NIGHT TRAIN TO NOVOSIBIRSK, RUSSIA - MAY 24-25
This was my first overnight in third class on the Trans Siberian. There are no doors in third class, just 72 beds with an aisle running through, loosely divided into groups of six with small walls between each pod. I was surrounded on all sides by Russian navy soldiers, one of whom spoke some rudimentary English. They all were fascinated by the fact that there was an American in their midst and peppered the English speaker with questions to ask me that he couldn't translate. Thank god music is a universal language. As my friend Brennan said to me, maybe I can repair USA-Russian relations with a guitar! Ha. Not.

Notable events include:
- Playing a small concert for the Russian Navy soldiers. Once they heard I was an American traveling with a guitar, they all clamored for a show. I played them some songs of mine and some famous songs. They even sang along with a few of the covers!
- Amy (from London) and I were on the same train, so I took a break from Navy land to join her in 2nd class for dinner. We sat in the corridor, ate dehydrated mashed potatoes from a cup, and watched the landscape fly by until the sun set at 10 pm.
- The snoring CO of the Navy soldiers. He didn't just snore on the inhale - he also flapped his lips on the exhale! What a night to lose my earplugs. I didn't sleep.
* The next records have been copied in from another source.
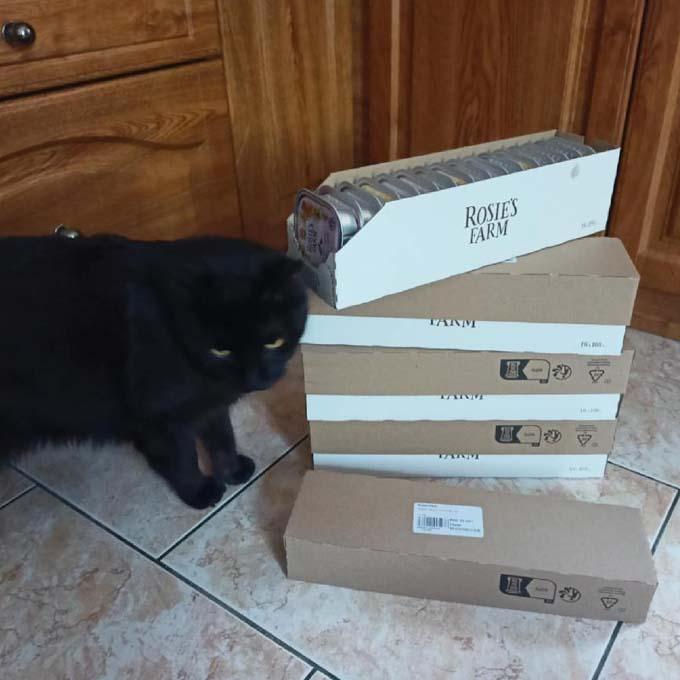 Majlo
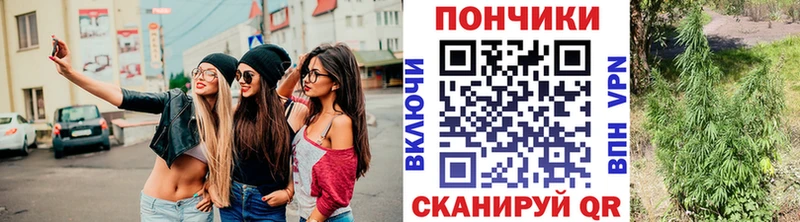 Шишки марихуана Amnesia  сколько стоит  сайты даркнета формула  Реж 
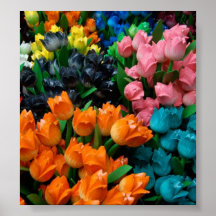 Amsterdam Tulips Print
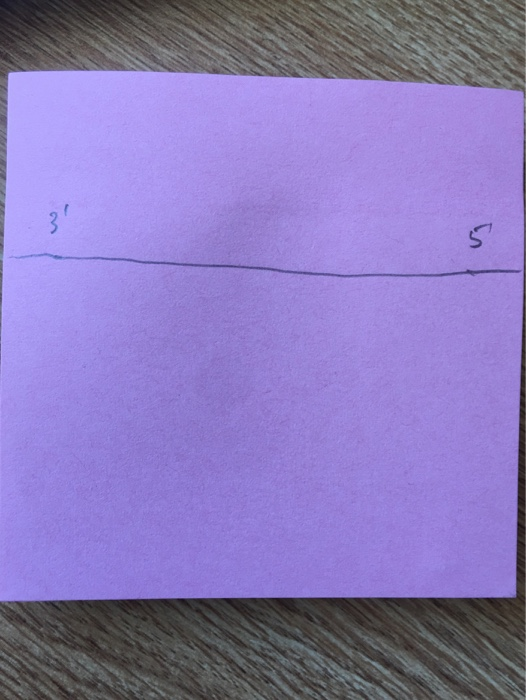 3 S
NOVOSIBIRSK, RUSSIA - MAY 25-27
Another Siberian city, this one the third largest city in Russia at 1.5 million. Siberia has been draining my soul. I went out to a hip bar in the hippest part of town on a Saturday night and there were maybe ten people there. No one in the street. I was talking to Freya and we each have the same experience of having less energy in Siberia. Usually we like to go out almost every day and see the city and eat the food but in Siberia I am just as likely to stay in the hostel for an extended period of time. Why? I have no idea. Something about being in Siberia just drains me.

Notable events include:
- Seeing Amine from Casablance again! We stayed in the same hostel.
- Meeting Tatyana, a local woman who took me to a medieval cultural festival, complete with a replica of a Mongolian village, people with foam swords and shields smacking the shit out of each other, a shish kebab cooking competition, and 10-year-old Russian girls in traditional garb doing traditional dance. Altogether something to remember.
- A trip to an art gallery that featured the work of a modern Kazakh woman who works primarily in plastic-shopping-bag collage.
- A night at two local breweries with Amine and Tatyana. I was the first Californian in one of them! I know becuase I filled in California on the map on the wall.
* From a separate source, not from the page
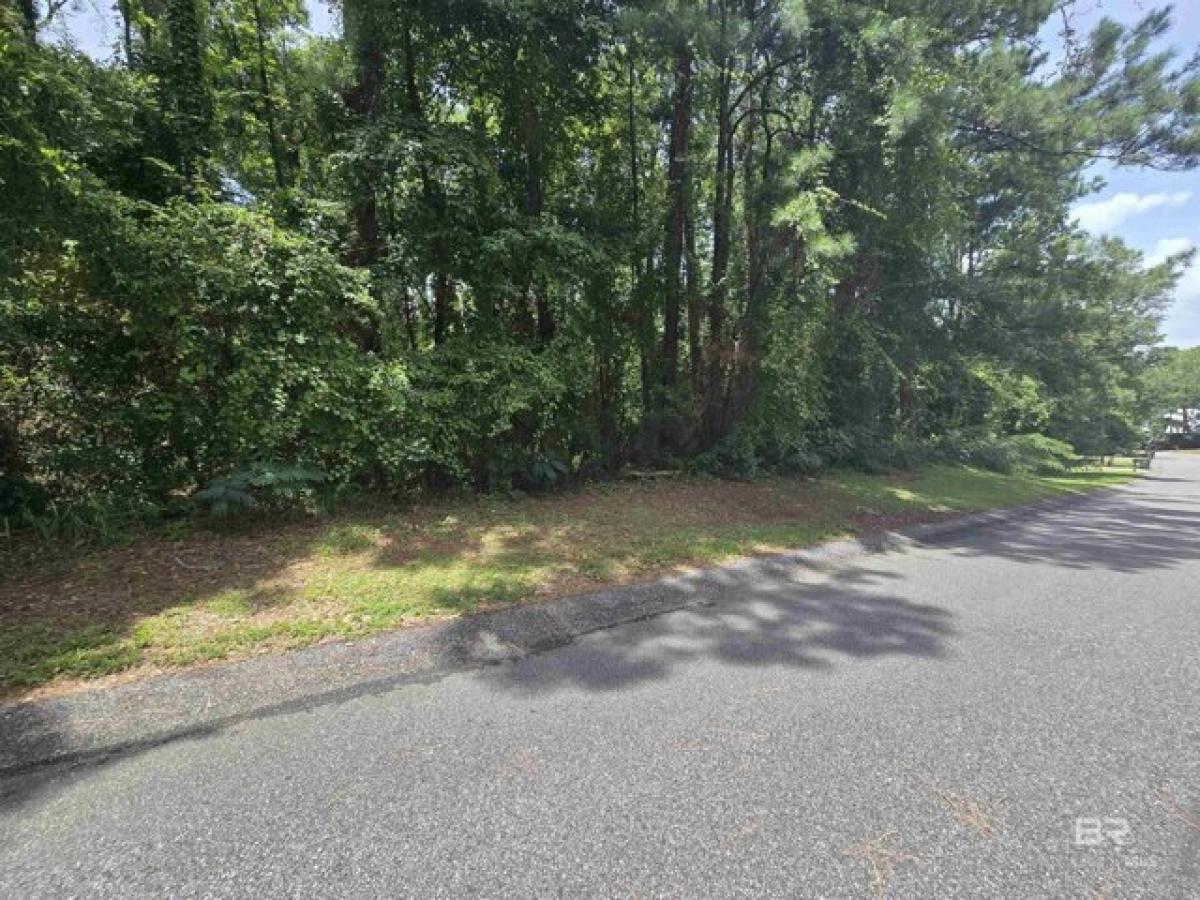 Picture of Residential Land For Rent in Daphne, Alabama, United States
NIGHT TRAIN TO KRASNOYARSK, RUSSIA - MAY 27-28
My carriage-mates included an older man who had a friend doing a doctorate at a school in Massachusetts. He wouldn't stop talking about said friend in Russian once he determined I was American. He never opened his eyes when he spoke.

Notable events include:
- Not much, really. I was very happy to be back in second class with a fresh set of earplugs. I wrote this update.

I have a few cities left in Russia, and then it's off to Mongolia for a few weeks, through Beijing and Qingdao to South Korea, into Japan to see some old friends, and then back to Shanghai to wait for the cargo ship that will bring me to Seattle. And from there it's just a short hop back down the West Coast and home. It's amazing how the distance flies.
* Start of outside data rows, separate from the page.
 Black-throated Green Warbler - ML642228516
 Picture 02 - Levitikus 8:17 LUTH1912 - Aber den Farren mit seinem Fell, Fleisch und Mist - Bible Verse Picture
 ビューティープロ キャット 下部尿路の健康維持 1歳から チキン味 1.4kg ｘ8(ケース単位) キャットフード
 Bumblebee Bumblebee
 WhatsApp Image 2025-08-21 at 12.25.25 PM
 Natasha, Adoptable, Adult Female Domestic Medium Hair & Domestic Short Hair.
What a month! A lot of emotions, a lot of grey skies, a trip in an airplane. Friendly faces from some new acquaintances, glares from others. A lot of people talking to me in rapid Russian even when I explain to them in Russian that I do not speak Russian. Pointing at menus. Discovering the Google Translate camera. A full Trans Siberian experience, including a missed train and a sheepish face when I showed back up at the hostel. It wasn't always great, but I wouldn't redo it either.

I think my next update will be after Mongolia.